И снова – по поводу выставки, посвященной его жизни и творчеству: «Многие узнают, что хотя и трудно жилось во время революции – все-таки же артистов уважали, как нигде и никого. Это в особенности щелкнет по носу американцев».
И все же – возвращение в Россию откладывается. Шаляпин связан контрактами с Америкой, с Европой, с Австралией, с Новой Зеландией. Собирается в Китай, в Индию… Пишет о необходимости материально обеспечить себя на старости лет, проявляя непонимание происходящих у нас социальных процессов. Но в то время, – это видно из писем, – он еще полагает, что вернется в Россию. Можно только глубоко пожалеть, что возле Шаляпина не оказалось в ту пору людей, которые удержали бы этого великого художника нашего века от ложного шага, ставшего для него трагическим. Особенно досадно думать об этом, когда читаешь в письме из Нью-Йорка, написанном в конце 1924 года:
«Говоря по совести, до боли скучаю по дорогой родине, да и по вас по всех. Так хотелось бы повидать всех русаков, всех товарищей, поругаться с ними, а и порадоваться вместе. Стороной узнаю, что жизнь в СССР налаживается хорошо – уррра! Какие мы с тобой будем счастливые, – обращается он к Дворищину, – когда все устроит русский рабочий народ!»
Да, много ценного содержат эти неизвестные материалы для будущей биографии Ф. И. Шаляпина и для нашего представления о его отношении к Советской России и его положении на чужбине.
Кстати, потом выяснилось, что эти реликвии оставались во время войны без призора, часть из них была сложена в мешок и взята на сохранение Ленинградским театральным музеем.
После войны вещи снова вернулись в шаляпинскую квартиру. По мнению А. Ф. Синицына, их место – в будущем музее Ф. И. Шаляпина.

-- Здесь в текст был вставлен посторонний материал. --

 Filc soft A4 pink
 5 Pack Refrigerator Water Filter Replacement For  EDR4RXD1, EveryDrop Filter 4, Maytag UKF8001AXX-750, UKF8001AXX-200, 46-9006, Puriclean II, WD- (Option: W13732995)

Я с ним согласен, но советую до времени передать их в Ленинградский театральный музей и печатаю в «Литературной газете» (1964, 29 февраля, № 26) статью «Что хранится на улице Графтио?». Синицын передает документы и вещи Шаляпина безвозмездно, материалы же дворищинского архива музей приобретает за деньги[3]. Долго спустя после этого по телевидению была показана передача из квартиры Шаляпина, а тексты, мною уже напечатанные, объявляются вновь открытыми в одном из журналов и в третий раз «открываются» на страницах одной из газет. Имя автора этих недобросовестных публикаций… Впрочем, к чему оно – это случайное имя рядом с бессмертным именем – Федор Шаляпин!